Overall, the subscription-TV industry gained about 3%, ending a three-year run of stagnant customer satisfaction to finish the year with a rating of 68, according to ACSI. That rise was due mostly to improvements at telco video and satellite TV providers. Among TV service providers, those offering service via fiber-optics or satellite earned the highest points for customer satisfaction — on average, fiber-optic/satellite-TV service providers averaged a 72 score, versus 63 for cable providers.
FiOS led the telco group with a 73 rating, down 1% for the year, while DirecTV logged a 72 rating and AT&T’s U-verse service rated a 71. Dish Network gained 1% in the period to finish with a 70 rating.
“While nearly 90% of households have some form of TV subscription, the industry is facing small, but growing, competition from Internet video streaming,” ACSI director David VanAmburg said in a statement. “The industry’s pattern of yearly price increases, coupled with sporadic reliability, keeps customer satisfaction low relative to other household services and vulnerable to new technologies that enter the market.”
Subscription TV customers give picture quality strong ratings for both HD and basic resolution, but find call center service to be lacking compared with most other industries, according to the ACSI report.
ACSI began rating Internet-service providers for the first time this year, and ISPs debuted with a customersatisfaction benchmark of 65 — the lowest score among 43 ACSI industries.
“High monthly bills combined with problems across a broad spectrum of customer experience benchmarks — such as service reliability, data-transfer speed and video-streaming quality — leaves customers less than satisfied with their ISP service,” ACSI founder and chairman Claes Fornell said in a statement. “But in a market even less competitive than subscription TV, there is little incentive for companies to improve.”
Only Verizon Communications’ FiOS and the aggregate of all other smaller ISPs break out of the 60s with identical ACSI scores of 71. Cox beats the average at 68, followed by AT&T U-verse and Charter at 65. Rounding out the sector is CenturyLink at 64, Time Warner Cable at 63 and Comcast at 62.
WIRELESS SHOWED GAINS
The wireless industry reversed course in the period, ending a two-year stretch of declining customer satisfaction ratings, with a 2.9% gain to an ACSI benchmark of 72. But despite matching its 10-year high, wireless service remains well below the national ACSI average.
Verizon Wireless leads the larger carriers due to a 4% jump to 73, ahead of Sprint, which stalled at 71 in the period.
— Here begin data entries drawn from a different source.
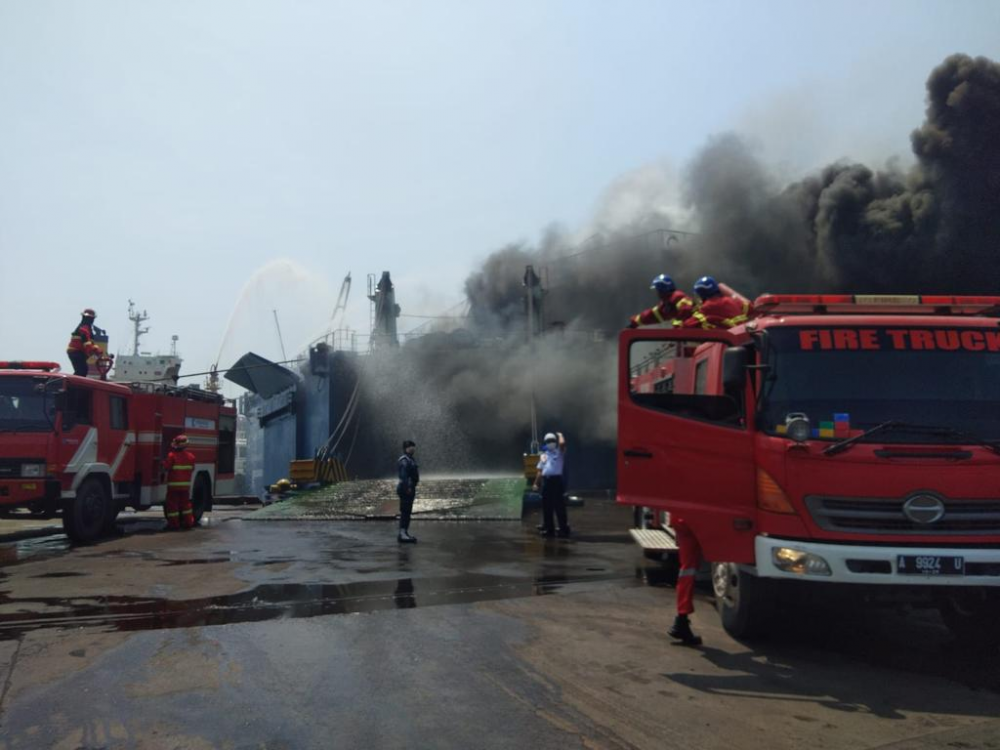 Kemenhub Evakuasi Kebakaran KM. Mutiara Berkah 1 di Dermaga Indah Kiat Pulp and Paper, Seluruh Penumpang dan ABK Berhasil Diselamatkan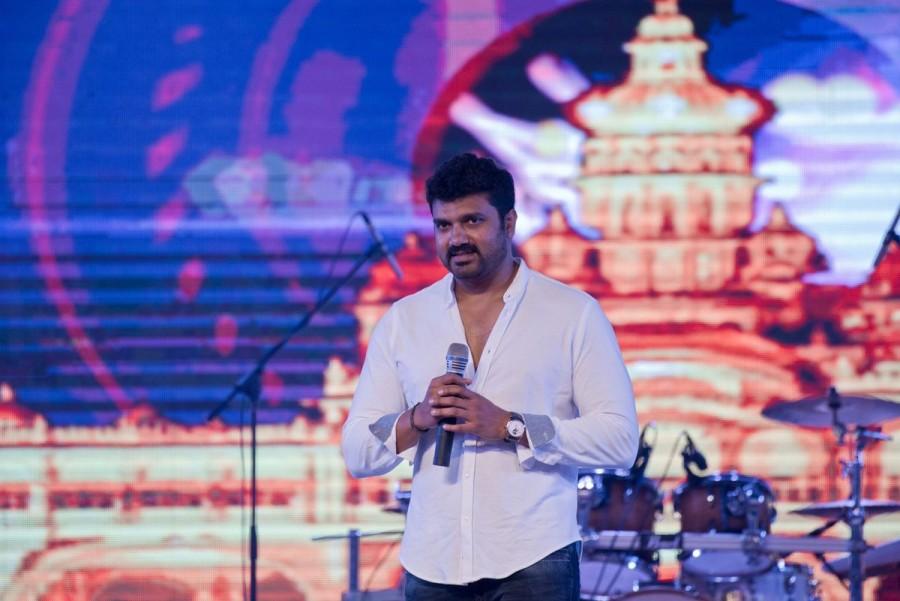 Sandalwood celebs like Darshan, Srujan Lokesh, Aditya, Hariprriya, Bhavana Rao, Diganth, VJ Anushree, Sruthi Hariharan, Harshika Poonacha at Yuva Dasara celebration in Mysore. Darshan,Srujan Lokesh,Aditya,Hariprriya,Yuva Dasara,Yuva Dasara celebration,Darshan at Yuva Dasara celebration,Srujan Lokesh at Yuva Dasara celebration,Aditya at Yuva Dasara celebration,Hariprriya at Yuva Dasara celebration,Yuva Dasara celebration pics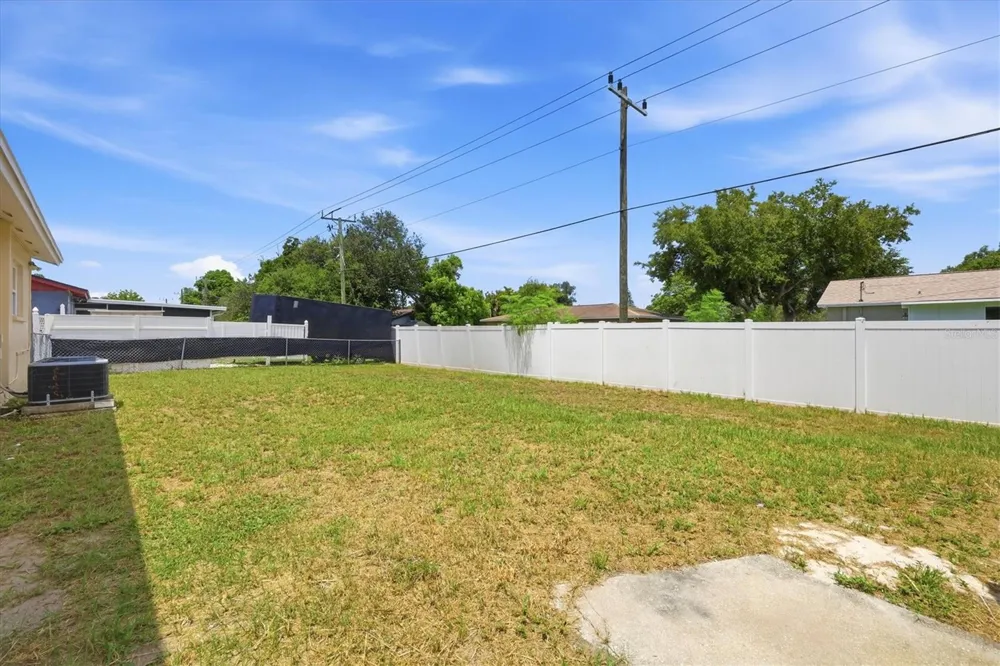 519 65TH AVENUE W Bradenton, FL 34207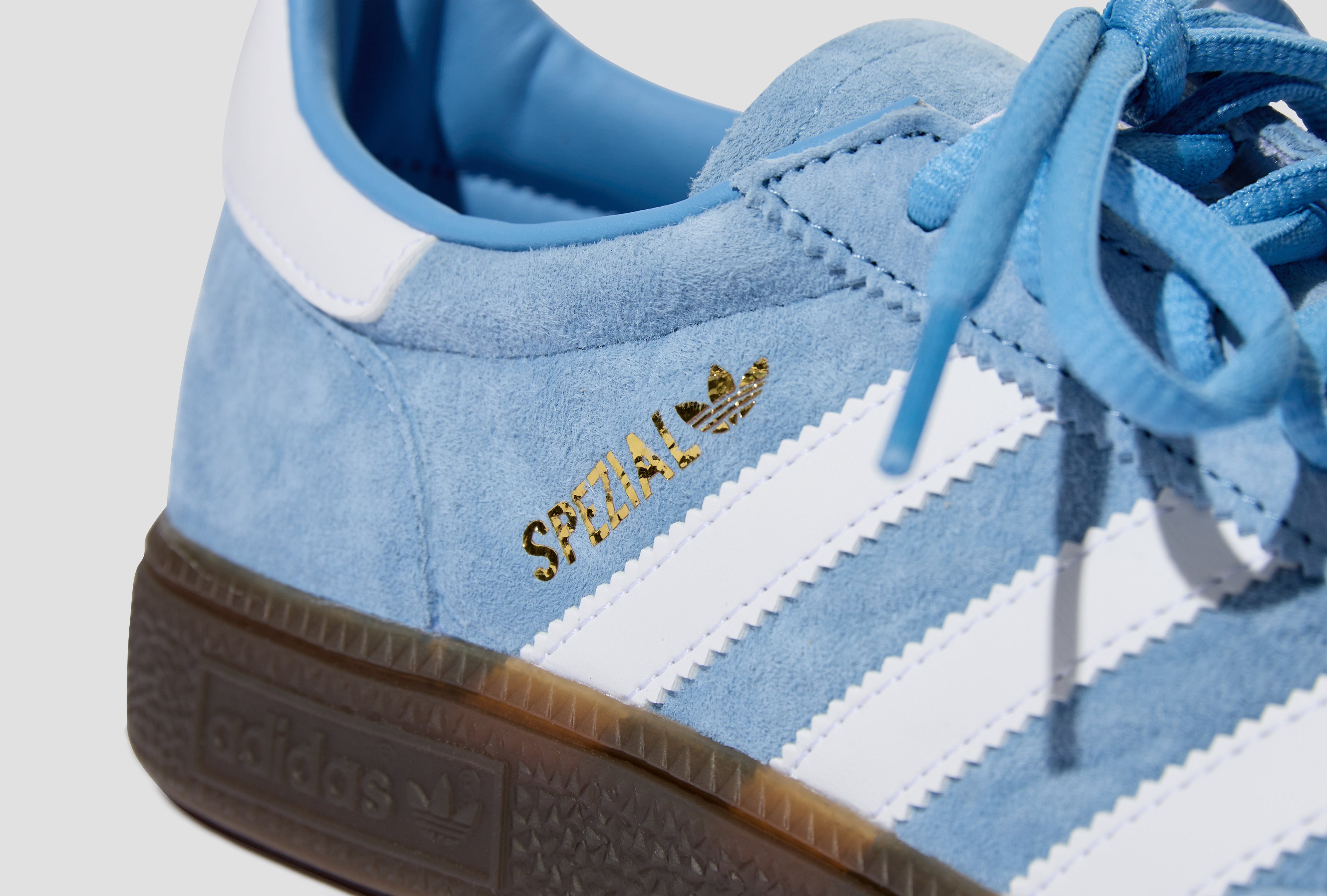 ADIDAS ORIGINALS HANDBALL SPEZIAL SNEAKERS - LTBLUE/FTWWHT/GUM5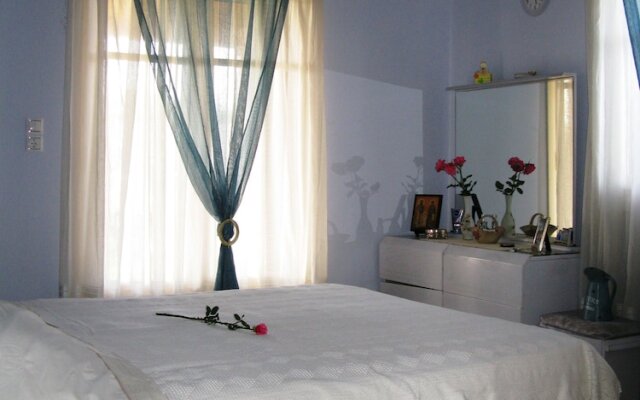 Navarino - A Breath Away From The Beach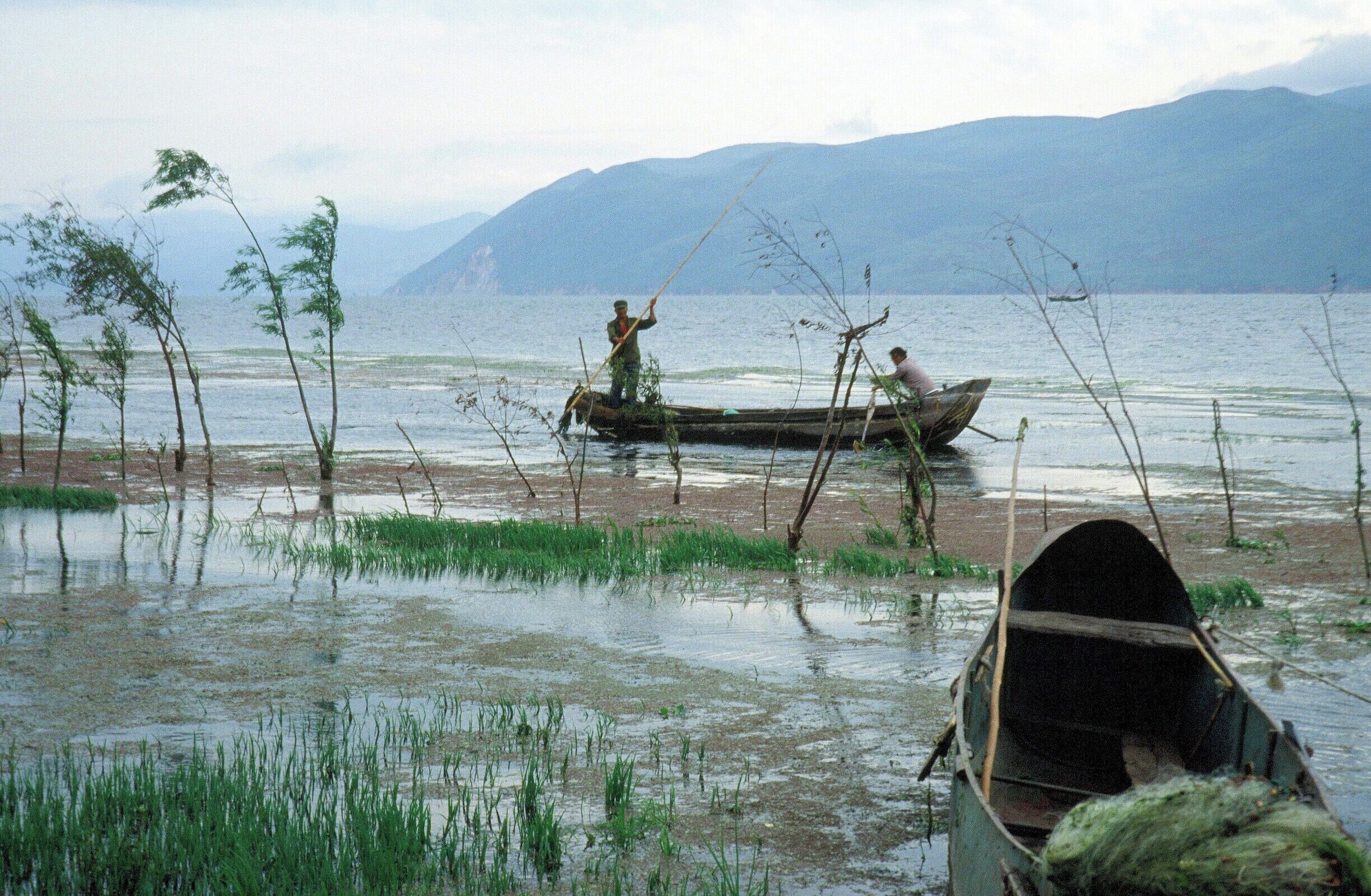 Taken while cycling near Dali Lake, early one morning. These photos were actually taken 25 years ago with old slide film, so they don't really qualify as "discoveries." But I recently got my Asia photos digitized and wanted to share them.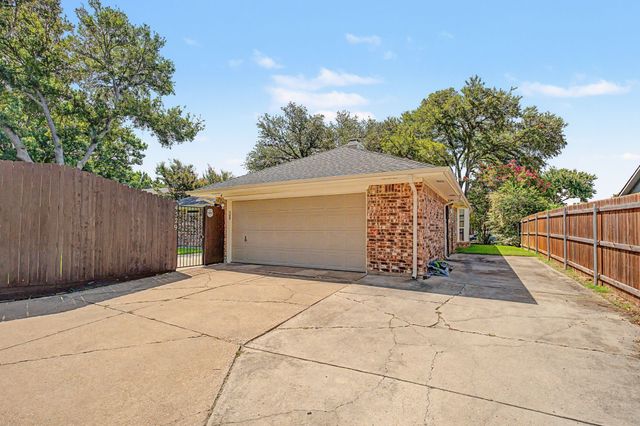 4529 Denver Drive, Plano, TX 75093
AT&T Mobility gained 1% to 70, while T-Mobile dipped 1% to 68.
The ACSI uses data from interviews with about 70,000 customers annually, measuring satisfaction with more than 230 companies in 43 industries and 10 economic sectors, as well as over 100 services, programs, and websites of federal government agencies.
The Index was founded at the University of Michigan’s Ross School of Business and is produced by ACSI LLC, which became a standalone company in 2009.
An 8% uptick in the American Customer Satisfaction Index is a sign that Charter’s moves to bolster customer service are paying off.